FastQC aims to provide a simple way to do some quality control checks on raw sequence data coming from high throughput sequencing pipelines. In order to find the fastQC report of an analysis in VarSome Clinical you can go either:
- to the Samples page and select from the burger menu of the analysis you wish the "View FastQC Report" or
- in the Variant Table page you can click on the "Analysis actions" button and select the same option.
The different analyses (modules) performed for the FastQC report are summarized on the left of the screen, for each FASTQ file used for the analysis.
The symbol on the left of each module corresponds to a flag of “Passed”, “Warn” or “Fail”.
Here, we include examples for each module with what should be expected as a result:
Simple information about input FASTQ file: its name, type of quality score encoding, total number of reads, read length and GC content.
Per base sequence quality
A box plot showing aggregated quality score (Phred score) statistics at each position along all reads in the file.
Per tile sequence quality
The graph allows you to look at the average quality scores from each tile across all of your bases to see if there was a loss in quality associated with only one part of the flow cell.
The picture above shows an ideal case, where no quality loss is reported in any tile of the flow cell.

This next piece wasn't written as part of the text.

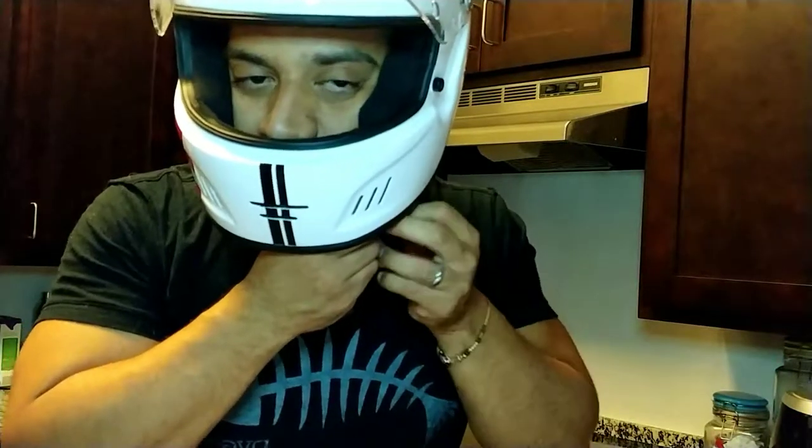The visor is pretty good — once it's up, it stays up. Now I'm going to show you the difference with the race clip helmet.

On the contrary, in the picture below you can see that certain tiles show consistently poor quality. The colours are on a cold to hot scale, with cold colours being positions where the quality was at or above the average for that base in the run, and hotter colours indicate that a tile had worse qualities than other tiles for that base.
Per sequence quality scores
A plot of the total number of reads vs the average quality score (Phred score) over full length of that read.
Per base sequence content
This plot reports the percent of bases called for each of the four nucleotides at each position across all reads in the file.
Per sequence GC content
Plot of the number of reads vs. GC% per read. The displayed Theoretical Distribution assumes a uniform GC content for all reads.
Per base N content
Percent of bases at each position or bin with no base call, i.e. ‘N’.
Sequence Length Distribution
Shows the distribution of reads lengths over all sequences.
Sequence Duplication Levels
Percentage of reads of a given sequence in the file which are present a given number of times in the file.
List of sequences which appear more than expected in the file.
Cumulative plot of the fraction of reads where the sequence library adapter sequence is identified at the indicated base position.